Wednesday, June 24, 2009

Wilting in the heat

It's well into the 90s in Chicago today, the hottest day of the year so far. This morning I passed a patch of impatiens in front of a church that were sadly wilting.

It's not like we're short on rain. But heat in itself is hard on plants. Physiological damage starts to set in at about 86 degrees, according to the American Horticultural Society. Plants that live in deserts have a variety of ways to survive hot, dry conditions, and we can recognize some of them in our garden plants: My lamb's ears and Salvia argentea, for example, have leaves covered with tiny hairs that reflect heat away from their tissue.

Such plants must have evolved in hot, dry places, so you know they aren't going to thrive in the same conditions that make ferns happy. I'm trying to keep some lamb's ears going in a part-shade place for the sake of their fuzzy contrasting texture. But I may end up transplanting them to the sunny bed at the rear.

Plants keep cool pretty much the same way humans do. In humans it's called sweating: we secrete water through our pores, which evaporates, reducing the temperature at the surface of our skin. In plants it's called transpiration. Plants let water out from the same openings in their leaves, called stoma, through which they take in carbon dioxide for photosynthesis. The water evaporates and cools the plant.

In some really hot, dry environments, water is precious, so plants have evolved to save up sunlight during the day and only open their stoma to collect CO2 at night, when it's cooler and less water will be lost.

Many plants have heat-beating strategies that involve conserving water. The fleshy leaves of succulents, with their waxy coating, are reservoirs. That's what makes sedums the favored choice for the blazing hot conditions of green roofs, where they soak up water in heavy rains and use it to keep themselves cool and operating through hot spells.
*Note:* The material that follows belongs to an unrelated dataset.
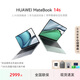 華為輕薄筆記本電腦觸屏高刷MateBook14s全面屏性能商務辦公設計游戲 i5-12500H/16G/1T/2.5K觸屏 【數字14S高端輕薄高刷觸屏】 【標配+華為三件套贈品禮包】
Chicago's type of heat is hard on a lot of plants for the same reason it's hard on me: The high humidity keeps water from evaporating readily. The combination of warmth and moisture also can encourage fungus diseases such as powdery mildew. That's why it's important to keep shrubs like lilacs pruned so air can circulate through them and give them a chance of drying off, and why it's a good idea to water only at the soil level and avoid getting water on leaves. (Not that watering is necessary so far this year.)

Impatiens walleriana, the brightly blooming annuals that are so popular in urban gardens and containers, are a forest-floor plant that originated in eastern Africa and are adapted to the shade. They don't have a highly efficient cooling mechanism, so they can't bear being out in the sun and they dry out fairly quickly. I regard them as an indicator plant: If I see impatiens starting to wilt I know it's time to water a lot of things that aren't yet stressed enough to wilt.

It's raining now, and it's supposed to cool off a bit tomorrow, which will bail out the impatiens by the church. But it's only June. Those impatiens are in a pretty sunny spot, and they're going to have a tough life in August.

Got a garden question? I recommend you call or e-mail the Plant Clinic of The Morton Arboretum in Lisle, the Master Gardeners of the University of Illinois Extension or the Plant Information Service of the Chicago Botanic Garden in Glencoe.

All contents of this post are copyright Beth Botts. Feel free to link or share a brief excerpt with a link, but please do not reproduce photos or any other part of this blog without my express permission.

1 comments:

garden girl said...

Great info Beth!

I plant impatiens around new or newly-moved perennials in my dry shade bed as watering reminders. Since I started doing that I have a much better survival rate in that all-important first summer.